Auf einer japanischen Bordellinsel sucht ein Amerikaner (Billy Drago) Ende des 19.Jahrhunderts nach seiner großen, von ihm einst zurückgelassenen Liebe. Er trifft auf eine mißgebildete Geisha, die ihm nach und nach die grausame Geschicht erzählt.
Röchel, röchel, hust...Takashi Miike lebt noch...zumindest ein bisschen. Oder um ehrlich zu sein bin ich mir immer noch nicht sicher. Nach dem Totalreinfall "GreatYokai War" kann man "Imprint" immerhin zu Gute halten, daß Miike hier zu dem zurückkehrt, was ihn (für mich) so groß gemacht hat: Seine geisteskranken Einfälle. Ich meine damit nicht zwingend die exzessive, teils comichafte Gewalt seiner Weke, sondern vielmehr seine absurden Ideen und Ausführungen. Bei Imprint ist immerhin die endstufige Gewalt da. Eine Folterszene, die einen wohlig zurückerinnert an das erste mal "Ichi" und ein embryonaler Unterton, der dem Film die Miike-typische Ungreifbarkeit verleiht, reichen schon mal aus um die deutsche Fassung um 6 Minuten zu schneiden und den altgedienten Miike-Nerd doch wieder durchaus zufrieden zu stellen. Doch irgendwie bleibt der ganze Rest etwas unbefriedigend.

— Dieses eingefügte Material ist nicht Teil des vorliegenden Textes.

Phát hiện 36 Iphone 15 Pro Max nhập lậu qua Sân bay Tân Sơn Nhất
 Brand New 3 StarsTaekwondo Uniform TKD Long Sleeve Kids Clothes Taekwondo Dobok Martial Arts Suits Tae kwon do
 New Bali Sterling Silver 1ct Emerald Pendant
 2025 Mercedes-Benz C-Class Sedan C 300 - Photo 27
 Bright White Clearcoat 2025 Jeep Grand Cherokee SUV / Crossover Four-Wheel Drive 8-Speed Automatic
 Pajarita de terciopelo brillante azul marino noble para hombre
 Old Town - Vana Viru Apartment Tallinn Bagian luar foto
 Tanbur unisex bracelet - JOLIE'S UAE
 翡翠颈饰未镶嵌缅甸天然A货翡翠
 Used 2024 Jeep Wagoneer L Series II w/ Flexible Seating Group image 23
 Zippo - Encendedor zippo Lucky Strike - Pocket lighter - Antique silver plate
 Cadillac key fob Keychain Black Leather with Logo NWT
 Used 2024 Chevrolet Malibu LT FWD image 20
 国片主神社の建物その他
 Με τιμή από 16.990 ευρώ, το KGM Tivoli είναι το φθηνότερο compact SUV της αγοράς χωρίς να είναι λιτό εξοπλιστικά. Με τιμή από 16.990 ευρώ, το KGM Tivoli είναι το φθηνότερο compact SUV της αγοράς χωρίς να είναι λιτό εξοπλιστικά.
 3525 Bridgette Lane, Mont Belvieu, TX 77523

Das ausgerechnet auf der Anchor Bay DVD (die deutsche Scheibe wird sich eh keiner besorgt haben) keine englischen Untertitel vohanden sind und man sich, selbst mit guten Englischkenntnissen, durch das unverständliche Englischgegatze der japanischen Darsteller kämpfen muß, ist schon mal ein ganz schlechter Einstieg. Zum zweiten zeigt die U.S Scheibe eine Sache überdeutlich: Billy Drago ist ein grausam beschissener Schauspieler. Eigentlich faszinierend wenn man bedenkt, daß er doch ein absoluter Star des B-Films ist (oder vielleicht auch eher war). Aber sein überdrehtes, betont ausdrucksstarkes Schauspiel unterbietet jedes Laientheater und tut dem Film definitiv keinen Gefallen. Ähnliches gilt für die Japano-amerikanische Hauptdarstellerin die in ihrem breiten U.S.- Englisch so gar nicht für eine morbid-beängstigende Atmo sorgen will.
Über die Tatsache, daß Miike jetzt anscheinend langsam in Amerika ankommt möchte ich mir lieber mal keine Gedanken machen und über potentielle Remakes auch nicht ("Fudoh" als Blockbuster...ohne She-Male...dafür mit Jessica Biehl, oder so ähnlich...). Vielleicht sehe ich aber auch nur zu schwarz. Aber das nur am Rande.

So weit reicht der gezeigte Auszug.